N cannot be prime, because it’s bigger than any of the numbers on our complete list of primes, and we assumed our list was complete. So N must have some factor other than itself and 1, and if we keep dividing that factor into smaller and smaller factors, we’ll eventually hit a prime number p that divides evenly into N.

But which prime number is p? It must be on our list of primes, because our list is complete. But it also can’t be on our list of primes, because none of those primes divide evenly into N: They all leave a remainder of 1. This is a contradiction, so our original assumption — that there are only finitely many primes — must have been wrong. □

(Mathematicians like to put a little box at the end of a proof, to make it easy to spot where the argument ends.)

When I first started studying proofs, I found it somehow unsatisfying that a proof by contradiction doesn’t end by sort of unrolling the contradiction backward, along the lines of “This is a contradiction, so the statement before it must be false, which means the statement before that must be false…” and so on, until we’d worked our way back to the original assumption. But the power of abstraction is precisely that we don’t have to do this each time we prove something by contradiction — we simply understand the underlying principle once, and then we can let it do the heavy lifting in proof after proof.
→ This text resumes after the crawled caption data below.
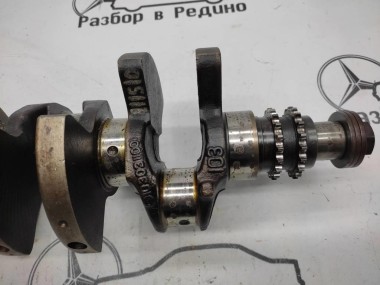 Коленвал MERCEDES-BENZ W124 W124/S124/C124/A124 (1984 - 1993) — Разборка Мерседес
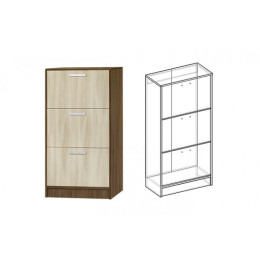 Тумба для обуви "Машенька"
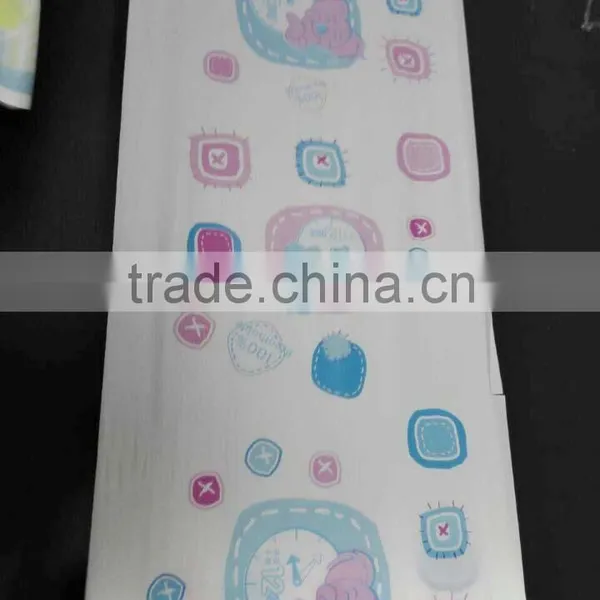 Printed PE Film for Baby Diaper Backsheet and Printed pe Film photo-2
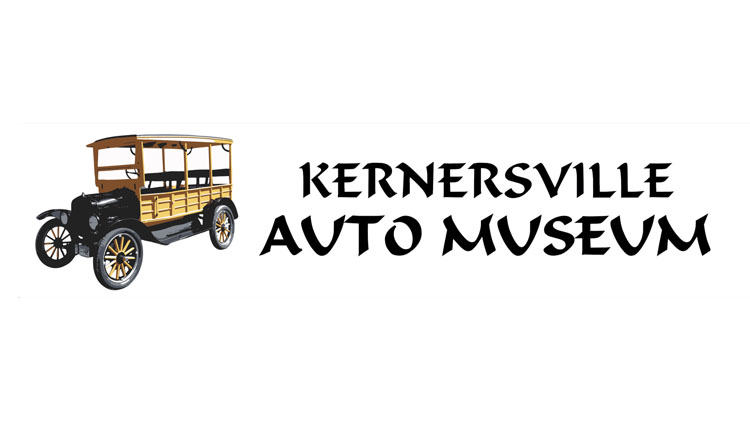kernersville auto museum\ logo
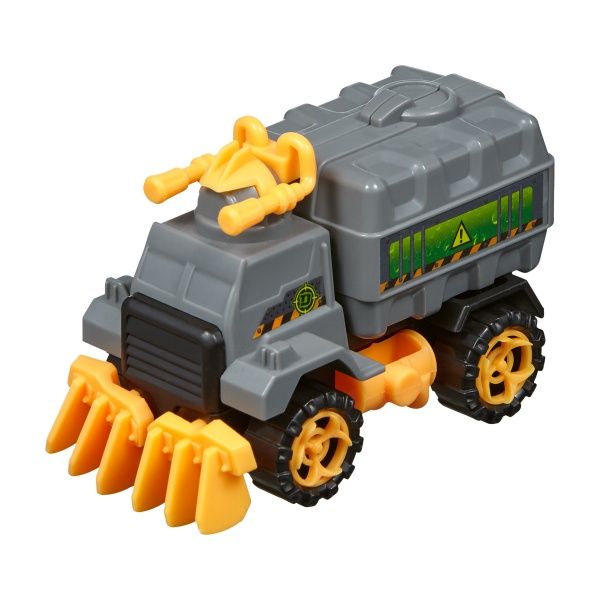 Игровой набор Road Rippers Машинка и динозавр Raptor green 20075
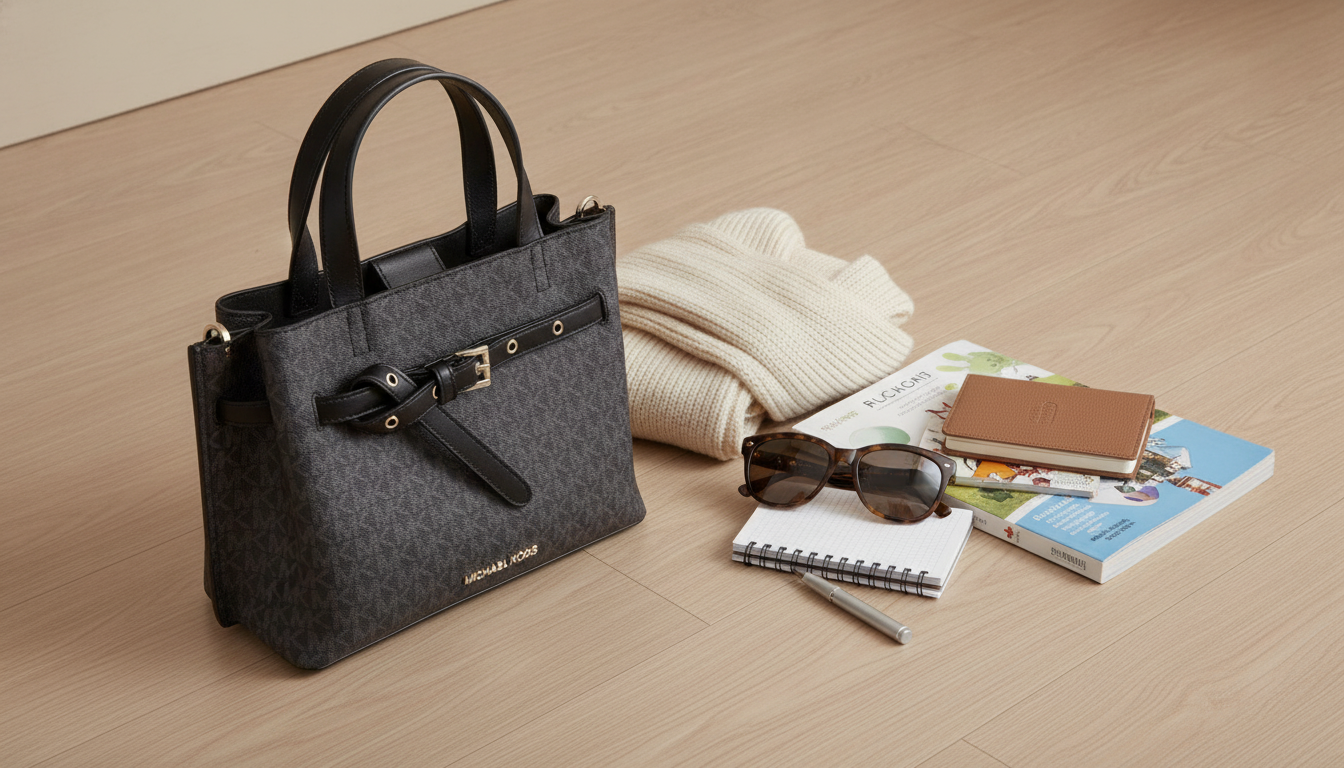 Most Popular Michael Kors Bag: Emilia Small Satchel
In our next proof we’ll do something similar, but this time we’re going to abstract the intuition behind the domino effect into a powerful mathematical principle known as induction. This says that to prove a statement about all positive whole numbers, you have to do only two things:

  1. Prove that the statement is true for the number 1. (This is called the base case, in which we knock over the first domino.)
  2. Prove that whenever the statement is true for a number n, it is also true for n + 1. (This is called the induction step, in which we show that each domino knocks over the next domino.)

Actually, we’re going to use a variation, “strong induction,” in which the induction step requires showing that if the statement we’re trying to prove is true for all numbers from 1 to n, then it’s also true for n + 1. It’s a similar sort of logic to regular induction, but it comes in handy in slightly different settings, including the following:

Theorem: In a museum shaped like a polygon with k walls, there’s always some way to station k/3 or fewer guards so that every spot in the museum is visible to some guard. (So, for example, if our museum has 18 walls, then we need at most 6 guards. If the number of walls isn’t divisible by 3 then we get to round down, so a museum with 19 walls will also need at most 6 guards.)

In the proof that’s contained in THE BOOK, which comes from Steve Fisk, we start by drawing in a bunch of noncrossing diagonals until our museum is divided into triangles:

Figure1

Now we’re going to use strong induction to prove that it’s always possible to color the corners of the room red, yellow and blue so that every color appears exactly once in each triangle. Our induction will be with respect to the number of triangles.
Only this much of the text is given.